The alarming rise in the number of things people can't live without

According to the financial wisdom of the moment, "it's only when the tide goes out that you can see who's swimming naked". I'm not sure about that. Sometimes you never get to see. Whenever my children would come home talking about how much wealthier other people were I'd always quote my father who would say, you never know how well-off people are, you only know how much money they spend. He first said that to me when I was about eight and I returned from tea with a school friend saying "They're so rich. They've got two TVs and a dog." There's your nineteen-fifties, right there.

Wealth is even harder to assess nowadays when credit, cheap or otherwise, is regarded as a human right. Everybody knows that they have to cut back. That should mean working out what things they couldn't do without. But in the last ten years that threshold of comfort seems to have been raised dramatically. My parents considered a washing machine a necessity and a TV a luxury. They would be shocked at the things many people regard as standard today. People on presumably average earnings have things even I would consider luxuries: plasma-screen TVs, Sky subscriptions, Premiership season tickets, top of the range phones, expensive foreign holidays, gym memberships and cars designed for amusement as much as transportation. The issue doesn't seem to be wealth so much as expectation.

We had dinner recently with friends living in a lovely house that won't be worth what they paid for it for quite a while, if ever.
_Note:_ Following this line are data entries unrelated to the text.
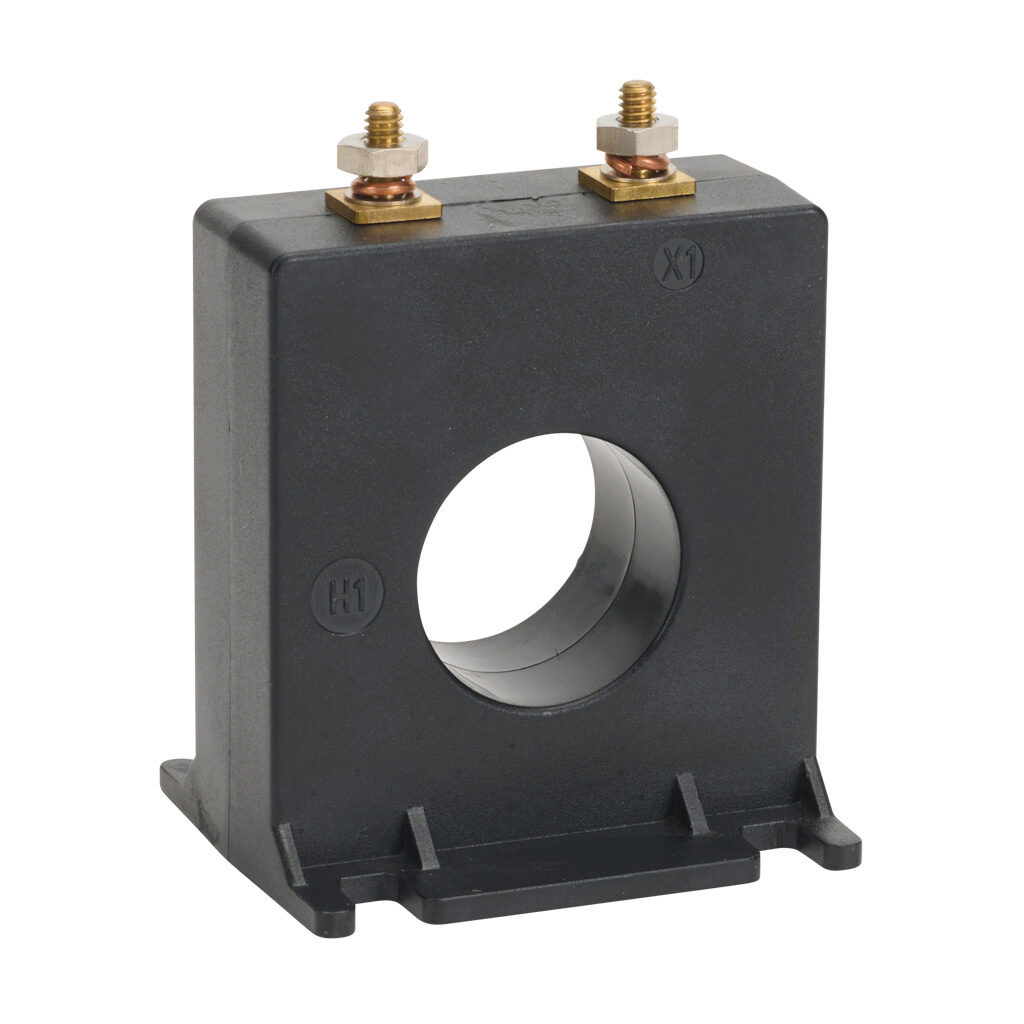 2SFT-201 - Sifam Tinsley AC current transformer, solid core, 200A primary, 5A secondary, 1.13in diameter sensing window, +/- 1% accuracy, 8-32 terminal stud with nut.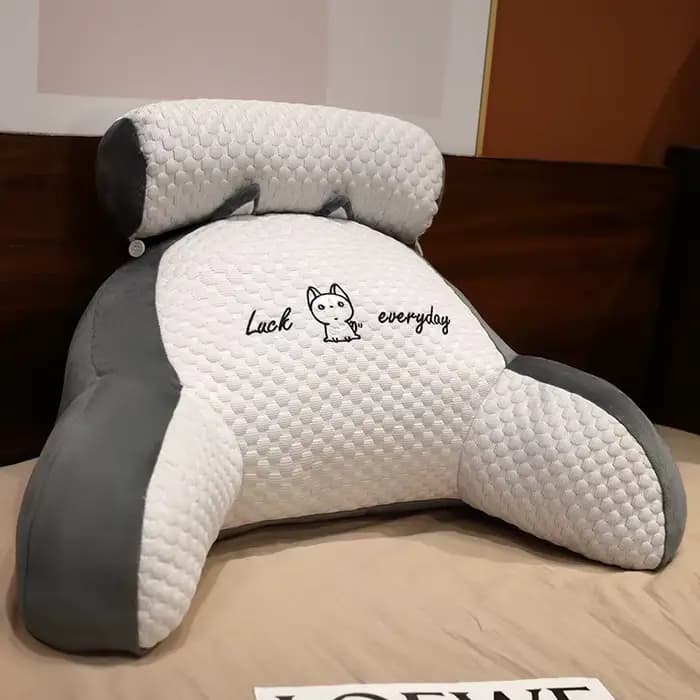 Coussin de lecture pour lire au lit en position assise avec accoudoirs - Gris matelassé, housse amov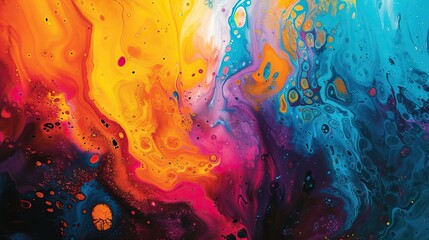 Vibrant abstract acrylic pour painting with a colorful blend of orange, yellow, blue, and white creating a dynamic, fluid art background.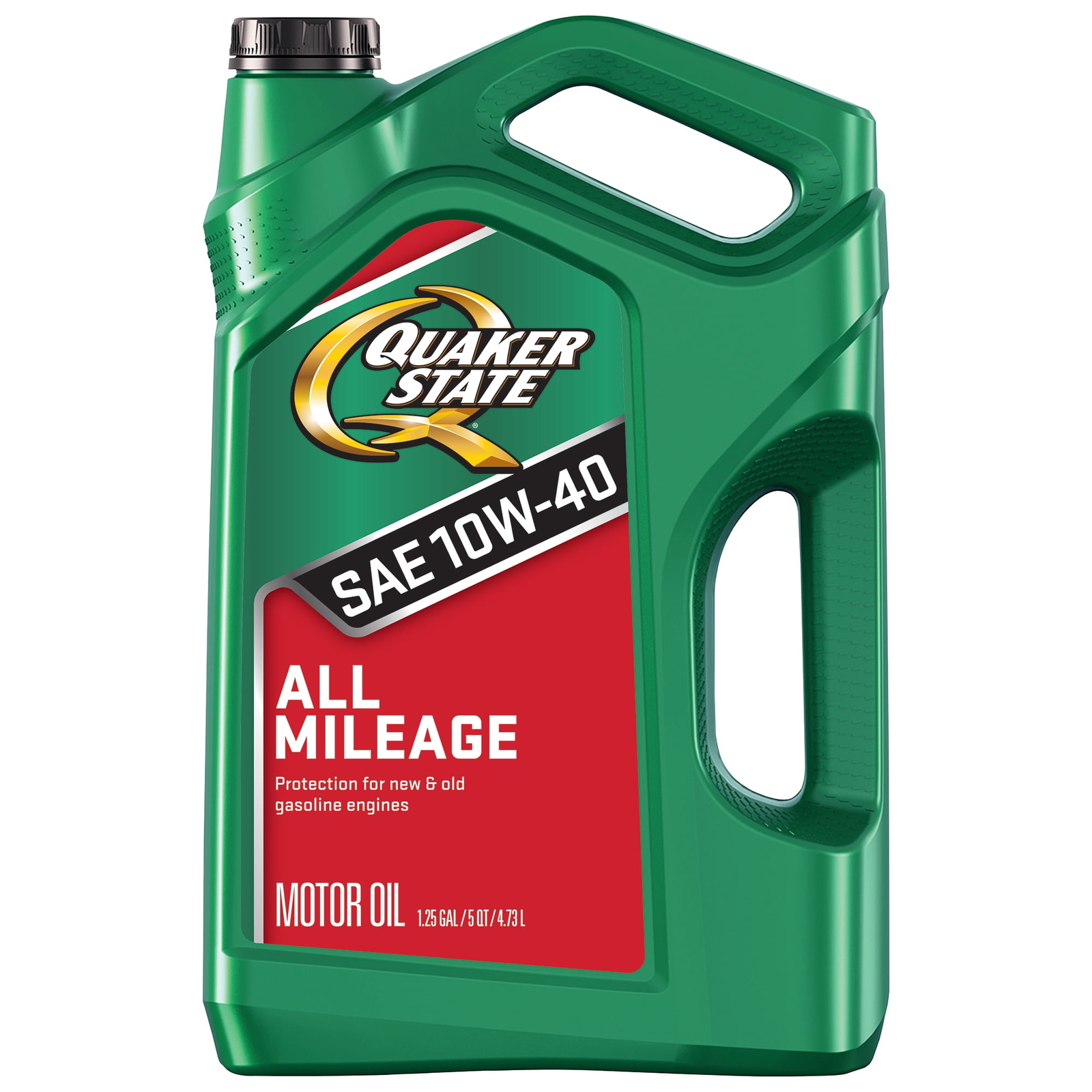 Quaker State All Mileage 10W-40 Motor Oil, 5 Quart Conventional 10W-40 Motor Oil
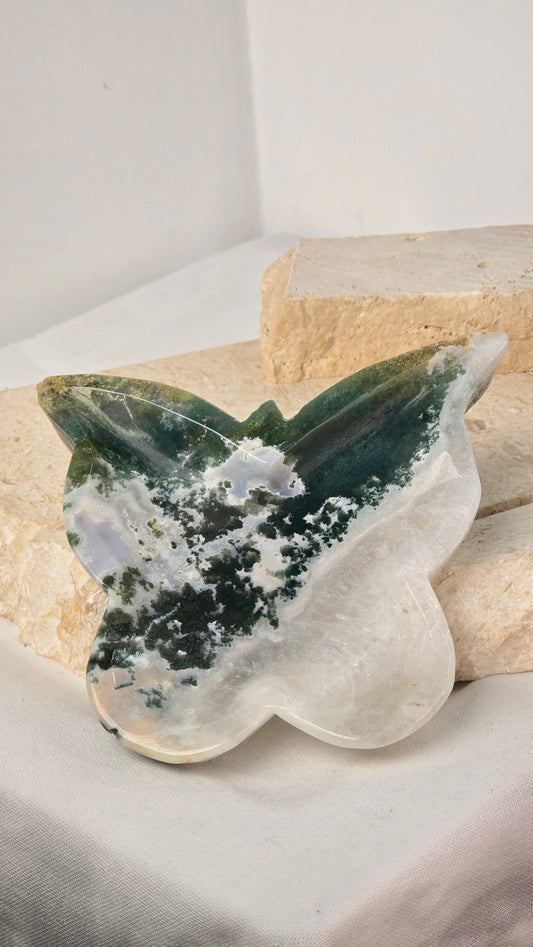 Moss Agate Butterfly Bowl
We were talking, as middle-aged, middle-class people do right now, about the prospects for our university-age children. While we all know about tuition fees, student rents and the impossibility of getting on the housing ladder, we are also aware that people born in the last twenty-five years have grown up with mobile phones, designer beers, night clubs, jeans that come in at three figures and a couple of trips abroad a year. Luxuries like these, which were once the preserve of the rich, are now, thanks to credit, available to everyone who wants them and is prepared to live with debt. The underlying cause of the current malaise is the dramatic growth in the number of people who can do just that.

When I was in my twenties none of those things had been invented so they weren't options. That was a blessing. I didn't take a taxi until I was thirty. When I left college and got a job I had no expectation that life would suddenly become any better. That's not the case anymore. I meet people in their mid-twenties now whose education and background and media consumption has led them to believe that life ought to be a bit better than it has turned out to be. Everybody who works in the media can reel off the stories of the work experience person who quit after a few days because "this isn't what I thought I'd be doing." It could be that the ideal preparation for a life in the professions formerly known as glamorous was an upbringing of unrelieved dullness. Well, it's too late to get that back.

We are where we are. You're not going to have soup kitchens and bread lines. You're not going to turn Jonathan Ross's audience into Wilfred Pickles's audience. A lot of people, the young and the burgeoning section of the population who still think like the young, may cut down on the luxuries. On the other hand, because they don't regard them as luxuries so much as the possessions that define who they are, they may just extend their credit in order to hang on to them. It's perfectly possible that they might get through this unpleasantness without making more than token cutbacks. They will simply extend the amount of their loans and the term of their payback and comfort themselves with the thought that "something will turn up". After all, it's only what the government are doing.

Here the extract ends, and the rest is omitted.